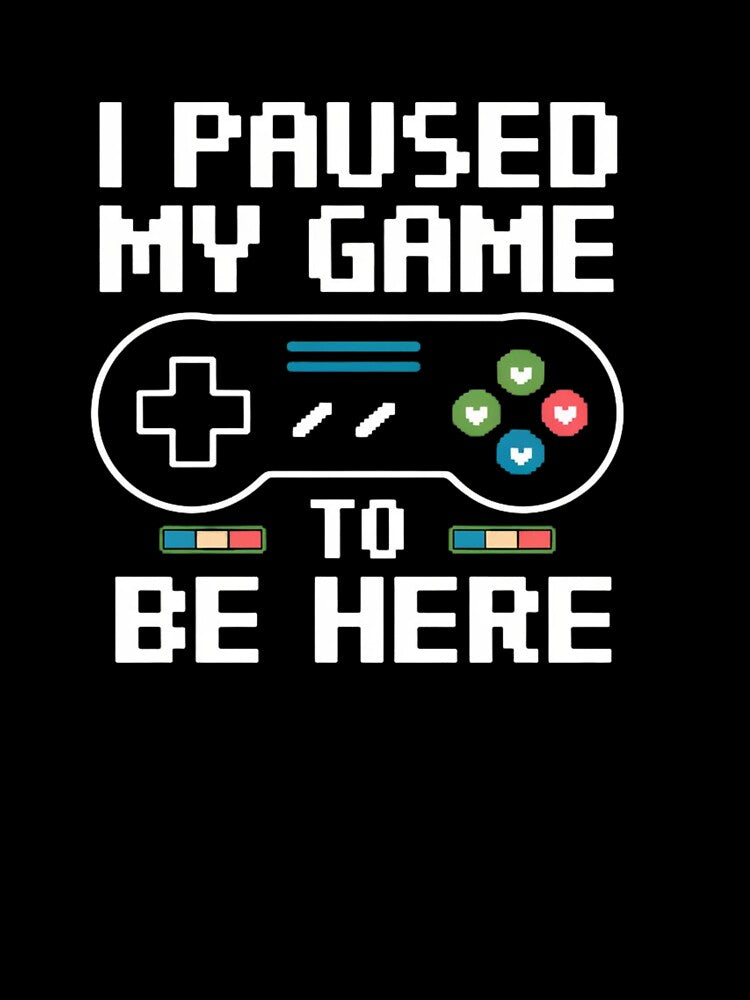 Paused My Game Minimalist Tee by b9brands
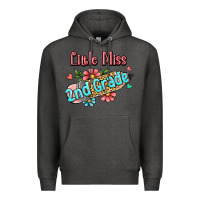 Charcoal Heather little miss second grade Premium Hoodie - RanaPortraitStore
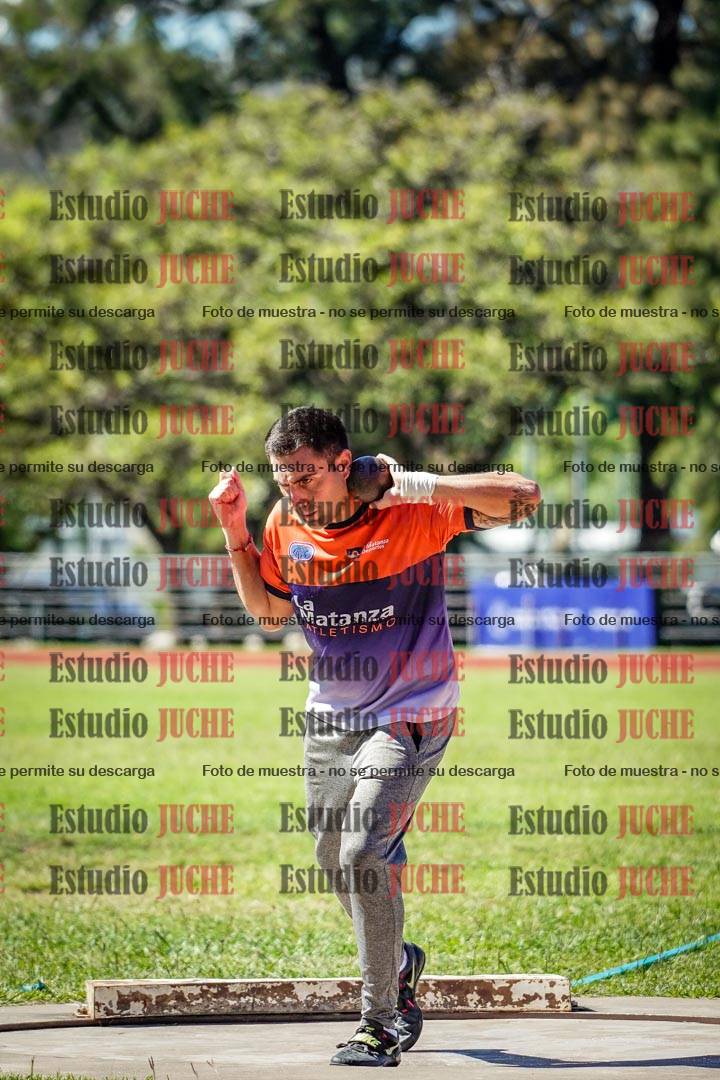 Fotos del lanzamiento de bala de varones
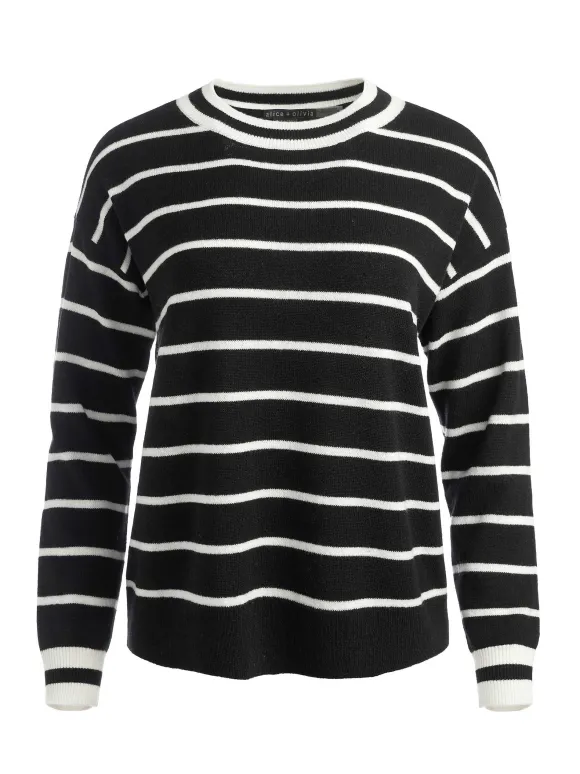 Fila Crewneck Pullover | Alice and Olivia Clearance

__Aim of the exercise__:
Go through the listing above and write it out again exactly, dropping the pictures.

__Your solution__:
 Paused My Game Minimalist Tee by b9brands
 Charcoal Heather little miss second grade Premium Hoodie - RanaPortraitStore
 Fotos del lanzamiento de bala de varones
 Fila Crewneck Pullover | Alice and Olivia Clearance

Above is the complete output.